In Search of Jamstack Search with Dawid Gaweł

Discover the ideal search solution for your JAMstack project, considering performance, scalability, and costs, as we explore pre-generated indexes, build-time indexing, and services like Algolia and Elasticsearch.

Key takeaways
  • In a JAMstack architecture, generating a search index from scratch is not recommended as it can lead to slow performance and high resource consumption.
  • Using pre-generated search indexes, such as Google’s, can be a good starting point, but it has limitations and may not scale well.
  • Building a search index at build time using a tool like Lunar can be a good approach, as it allows for indexing and querying of documents.
  • Using a service like Algolia can provide a scalable and performant search solution, but it may have costs associated with it.
  • Pre-rendering search results pages can be beneficial for SEO and user experience, but it can also lead to increased build times and resource consumption.
  • Using a lambda function to handle search queries can provide a fast and scalable solution, but it may have limitations in terms of query size and resource usage.
  • The ideal search solution will depend on the specific use case and requirements of the project.

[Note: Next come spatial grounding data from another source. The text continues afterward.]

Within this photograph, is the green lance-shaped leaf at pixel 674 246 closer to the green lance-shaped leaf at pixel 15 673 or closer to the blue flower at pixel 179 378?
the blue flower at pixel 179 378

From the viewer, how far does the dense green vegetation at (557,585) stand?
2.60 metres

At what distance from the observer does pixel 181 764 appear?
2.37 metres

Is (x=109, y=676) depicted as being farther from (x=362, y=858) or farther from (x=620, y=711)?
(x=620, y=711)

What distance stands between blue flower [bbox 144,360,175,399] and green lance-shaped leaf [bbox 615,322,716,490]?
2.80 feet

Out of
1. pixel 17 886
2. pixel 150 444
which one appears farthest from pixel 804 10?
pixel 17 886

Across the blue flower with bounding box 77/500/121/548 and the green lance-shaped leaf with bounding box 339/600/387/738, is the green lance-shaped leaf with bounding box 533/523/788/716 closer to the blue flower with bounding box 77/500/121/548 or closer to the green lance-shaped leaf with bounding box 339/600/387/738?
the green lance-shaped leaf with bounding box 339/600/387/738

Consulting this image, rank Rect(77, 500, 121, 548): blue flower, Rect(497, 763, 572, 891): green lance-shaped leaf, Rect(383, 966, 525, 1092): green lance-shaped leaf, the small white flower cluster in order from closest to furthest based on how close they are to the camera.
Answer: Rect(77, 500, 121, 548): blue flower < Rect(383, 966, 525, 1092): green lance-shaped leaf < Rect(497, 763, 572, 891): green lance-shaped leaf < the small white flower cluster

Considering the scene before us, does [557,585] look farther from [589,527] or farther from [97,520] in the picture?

  • Some important questions to consider when implementing search functionality include:
    • What is the scope of the search query?
    • How will the search results be presented to the user?

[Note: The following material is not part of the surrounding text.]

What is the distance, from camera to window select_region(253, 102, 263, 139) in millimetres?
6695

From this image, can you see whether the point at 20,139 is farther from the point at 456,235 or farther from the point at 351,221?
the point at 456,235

    • How will the search results be filtered and ranked?
    • How will the search functionality be integrated with the rest of the site?

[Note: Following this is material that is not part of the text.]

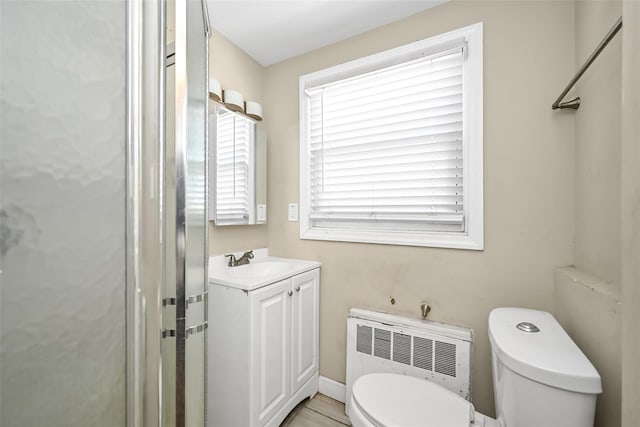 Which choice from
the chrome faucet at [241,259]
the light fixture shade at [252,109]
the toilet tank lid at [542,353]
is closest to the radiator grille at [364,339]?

  • Some popular search solutions for JAMstack include Algolia, Elasticsearch, and Google’s search engine.
  • When implementing search functionality, it’s important to consider the trade-offs between performance, scalability, and costs.
  • Pre-caching search results can be beneficial for performance, but it can also lead to increased build times and resource consumption.
  • Using a cache layer, such as Redis, can help to improve the performance of search queries.
  • Implementing search functionality requires careful consideration of the query size, resource usage, and scalability requirements.